Established in 2019, THE Impact Rankings assess a university’s societal impact based on the UN’s SDGs, a set of goals outlining a universal call to action to protect the planet and improve the lives and prospects of everyone, everywhere.
Using carefully calibrated indicators across four broad areas – research, outreach, teaching, and stewardship – THE Impact Rankings are a recognition of those who are working today to build a better tomorrow.
Here at the BISC, we supported the university’s submission to the THE and were able to provide evidence against several of the criteria. The release of these rankings marks a significant moment for us too here at the BISC as we turn our thoughts to a post-pandemic world and how we as both an academic institution and a commercial entity, will meet the challenges ahead.

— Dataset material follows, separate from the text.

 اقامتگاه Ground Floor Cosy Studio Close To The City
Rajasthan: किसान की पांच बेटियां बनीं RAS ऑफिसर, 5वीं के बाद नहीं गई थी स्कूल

For some months now, we have been looking at how we can align ourselves closer with the SDGs and how we will communicate this work to our applicants, students, staff, stakeholders and visiting public. The nature of the Estate, our location by the coast and our international recruitment profile mean that some SDGs, particularly those around the environment and climate action, inclusivity, and quality education, have real relevance to us. We are now looking at how we build a program of work to make a significant contribution to these.

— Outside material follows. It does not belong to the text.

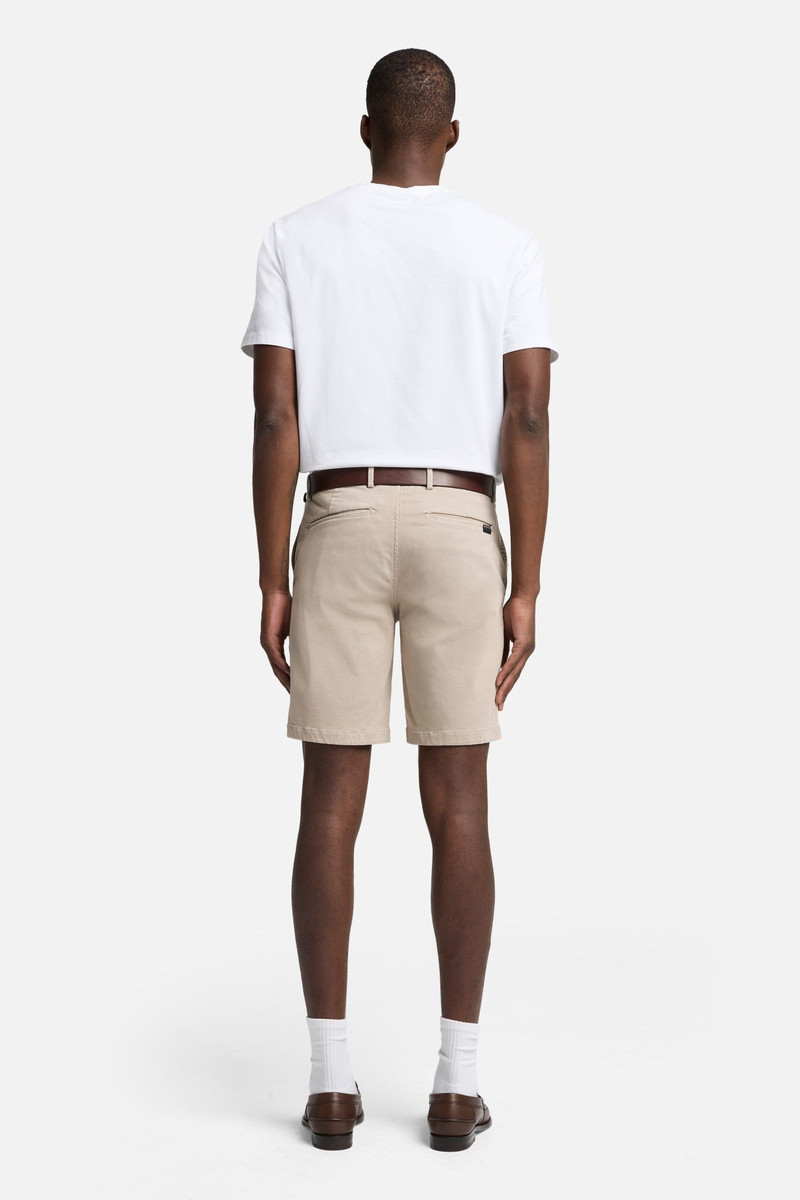Luxe Performance Andrew Short in Sunbuff 5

Having traditionally relied on our stunning location as one of the primary drivers for students choosing to study at the BISC, it is interesting to note that the THE also released the results of a survey this week which that shows how international students are more likely to choose a university based on its commitment to sustainability than for its location. This shows the importance of communicating our work in these areas to prospective students and engaging them fully while here at the BISC.

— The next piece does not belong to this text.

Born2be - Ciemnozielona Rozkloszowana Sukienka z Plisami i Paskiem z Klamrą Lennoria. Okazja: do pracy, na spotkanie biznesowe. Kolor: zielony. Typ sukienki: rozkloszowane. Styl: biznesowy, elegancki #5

We are implementing a new approach to the sustainable management of the Herstmonceux Castle Estate with a view to enhancing the Estate’s conservation. We have identified that these aims can be achieved through traditional seasonal conservation and natural grazing approaches.
We will do our utmost to ensure all aspects of the Estate's management deliver on the five key pillars of sustainability as we see them:
- Protection, improvement and diversification of habitats and ecosystems.
- An increased overall population of species diversity of flora and fauna.
- The effective delivery of ecosystem services.
- Creating a valuable educational resource.
- Becoming a source of public interest and eco-tourism.
The Estate’s management will be led through a rewilding approach where practicable. This essentially means a return to how the land would have been managed in medieval times. Through appropriate fencing of the Estate, it is hoped that one of the key drivers in the Estate's management will be nature itself.
With appropriate use of grazing, careful introduction of specific livestock species and strict monitoring of stocking densities, we aim to replicate the work of now extinct or rare species which were once widespread throughout the UK. In an era when land management was not as commonplace, our environment was very much sculpted by such species, which happily co-existed with our native flora and fauna.
By re-introducing these species, we expect the ecosystem to subtly alter over time to replicate a mosaic of habitats that support a wide variety of species. Queen’s University has the unique opportunity to support this development in BISC and its property.